Apoyada en un movimiento político ecléctico y variopinto, la Presidenta contó también con quienes le permitieron que la transición hacia el apoyo del popular y querido Francisco fuera menos traumática. No sólo el siempre diplomático Daniel Scioli colaboró en la tarea, sino que también mostraron satisfacción por la elección del Pontífice el vicegobernador Gabriel Mariotto (por aquel entonces fuertemente alineado con el kirchnerismo puro), el secretario de Comercio (hoy agregado económico en la embajada argentina en Italia) Guillermo Moreno, y el presidente de la Cámara de Diputados, Julián Domínguez.
¿Qué llevó a la Presidenta a modificar su enfrentamiento con el otrora cardenal Bergoglio? Influyó sin dudas una explosión de fervor mundial y local por la figura de un papa atípico, cercano y asceta, del cual un gobierno que se autodenomina nacional y popular no podía quedar alejado. Además, el kirchnerismo fue comprendiendo que Francisco, como jefe del Estado Vaticano, debía guiarse por las reglas de la diplomacia mundial, lo que le quitaba posibilidades de realizar los señalamientos puntuales que como obispo local solía hacer. Cristina Kirchner se convenció, a su vez, de que –como presidenta del país de origen del nuevo pontífice– era mucho más lo que podía obtener de una relación cordial, amistosa y cooperativa que de una postura distante y combativa.
La breve pero profusa relación gestada entre ambos nos recuerda la influencia que tuvo sobre Eva Perón su confesor –jesuita como Bergoglio–, Hernán Benítez.
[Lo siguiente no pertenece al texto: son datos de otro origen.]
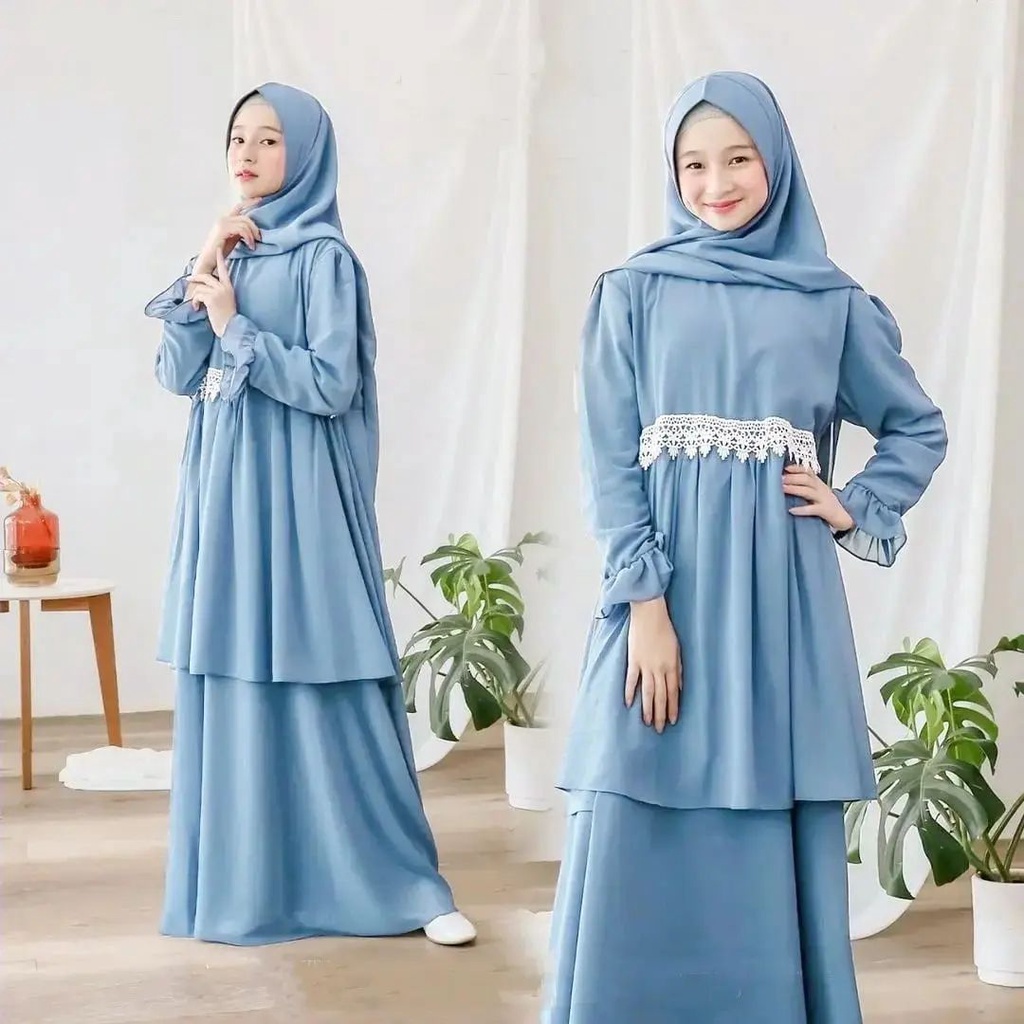 Aryana Syari Kids Clothes Gamis Set Hijab Children Age 10 17 Years ...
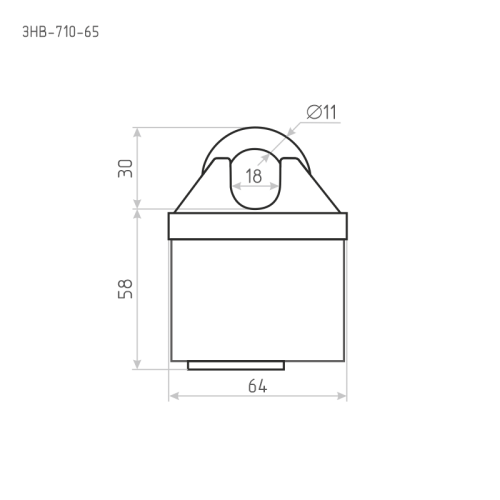 Н-М Замок навесной всепогодный ЗНВ-710-65 (4 ключа)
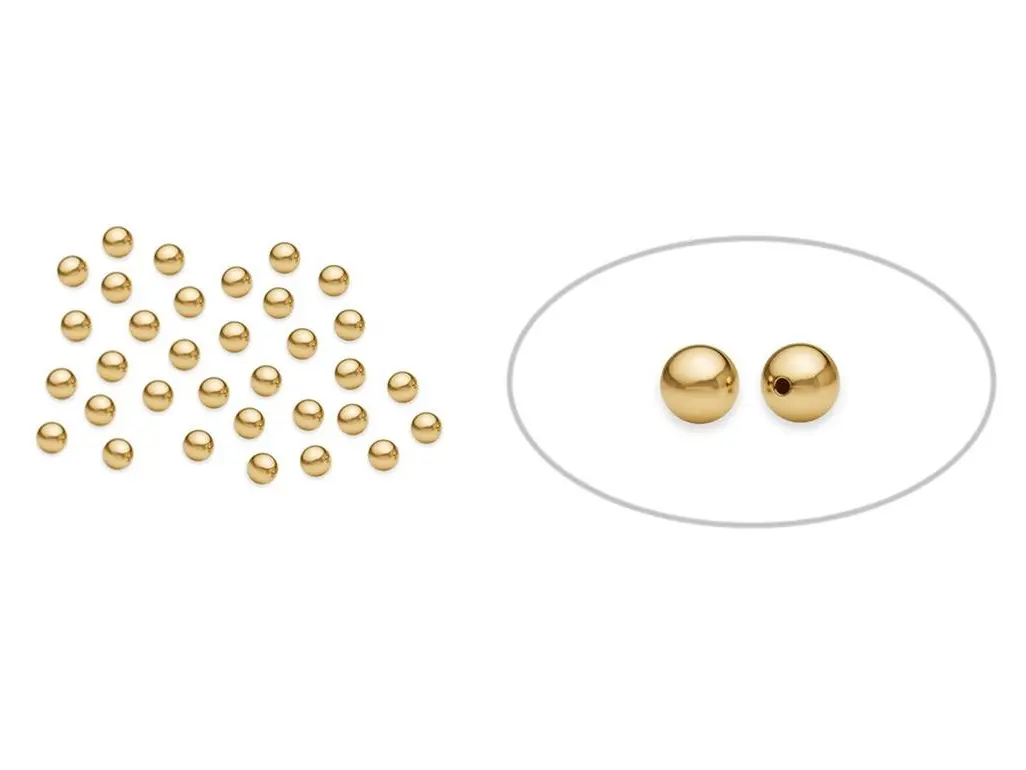 14K Gold Filled Round Beads Seamless 2mm - 100 Pcs (GF520102)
Aquel sacerdote cordobés, a quien Eva escuchó por primera vez en radio Belgrano durante los sermones de cuaresma, se convirtió en pocos años en una figura importante dentro del gobierno peronista. Tanto es así que fue quien organizó la gira europea que la primera dama realizó en el año 1947 y que la llevó también hasta la Santa Sede. Pese a las prevenciones de la autoridad eclesiástica de aquella época, encabezada por el papa Pío XII, la imagen que intentó transmitir “la jefa espiritual de la Nación” fue la de un compromiso en la persecución del mito de la nación católica –apoyado en la enseñanza religiosa en las escuelas– y la lucha por la justicia social, pariente cercana de la doctrina social católica, expresión introducida por el papa Pío XI en la encíclica Quadragesimo anno. Estas posturas fueron complementadas con la adhesión a la denominada Tercera Posición, la que quiso contraponerse tanto a la sociedad materialista, individualista y egoísta representada por los Estados Unidos como a la marxista-leninista y antirreligiosa impulsada por la Unión Soviética.
Eva, aun sin contar con cargo formal en el gobierno de su esposo, tuvo especial influencia en las relaciones sostenidas tanto con la iglesia local como con el Vaticano, una relación que fue sin dudas conflictiva. Por un lado, ella sostuvo su fe católica, mientras que por el otro, tanto sus apetencias políticas como las del propio Perón fueron complicando un nexo que había comenzado de manera auspiciosa.
Luego de los primeros años de gobierno, el peronismo se abocó a la intervención directa sobre viejas instituciones asistenciales que se encontraban hasta el momento en manos de damas de alta sociedad vinculadas con la Iglesia católica para ponerlas en manos del Estado, que a su vez reasignaba recursos y tareas en la Fundación Eva Perón.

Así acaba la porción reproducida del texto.